Akşam eve geldim. Masa hazırdı. Aslında yemiyicektim ama annem ve babam şüphelenmesin diye yemek zorundaydım. Ha bu arada annem Meryem ressamdır kendisi. Babam ise Tarık o da iç mimar. Her neyse ben tabağımda ki yemeği çatalla oraya buraya çevirirken annem;
"Kızım moralin neden bu kadar bozuk?"
"Yoo annecim moralim bozuk değil ki nerden çıkardın canım sende haha"
"Sanki birisi senin moralini bozmuş da söylemiyormuşsun gibi, yoksa birisi yeni halinle ilgili kötü bişey mi söyledi? Bana doğruyu söyle kızım.
Annemin ellerini iki elimin arasına alarak dizlerimin üstüne koydum ve;
"Merak etme annecim hiç kimse beni üzemez. Üzen olursa bile ben ona ne yapacağımı bilirim. Senin kızınım sonuçta" diyip güldüm. Annemin ve babamın yanağına bir öpücük kondurarak odama çıktım. Üstümü çıkartıp yatağa uzandım. Mp3'ümü alıp sıradan bir müzik seçtim.

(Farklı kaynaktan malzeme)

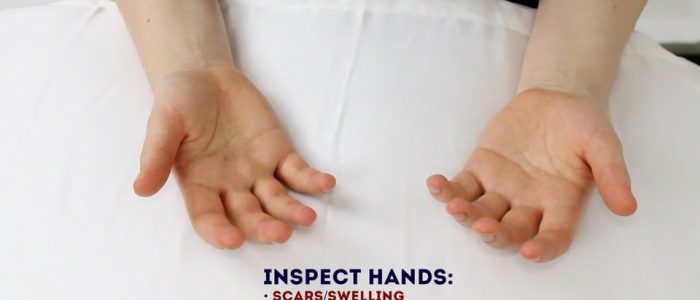 Inspect the palms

Şarkı dinlerken aynı zaman da mırıldanıyordum. " stone cold stone coldd maybe if I dont cry I dont feel anymore lalalalalala" ben söylenirken telefonum çaldı. "Bilinmeyen numara mı?"ya şöyle arayıp arayıp saçma salak konuşanlardan nefret ediyorum. Yiyosa normalden ara. Neyse açiyim ıhım ıhım;
"Alo" "Alo" "Buyurun kimsiniz" "Ben...." "Evet siz...?" "Eee şey ben Açelya'yı aramıştım." "Yanlış numara malesef aramayın bir daha" deyip kapattım.
Kulaklığı tekrar taktım. Şarkıyı tam dinleyecekken "az önce, az önce telefonda ki ses Al-Alaz'ın sesimiydi? Evet onundu peki neden böyle bişey yaptı ki hadi onu geçtim numaramı nerden buldu bu? Yoksa özür dilemek için mi aradı. Ben yarın gösteririm sana Alaz Bey". * * * "Acaba Ceylin ben olduğumu anlamışmıdır? Keşke aramasaydım. Ah Alaz ah niye aradın ki? Daha doğrusu ben neden... of neyse anlamamıştır çok konuşmadım zaten.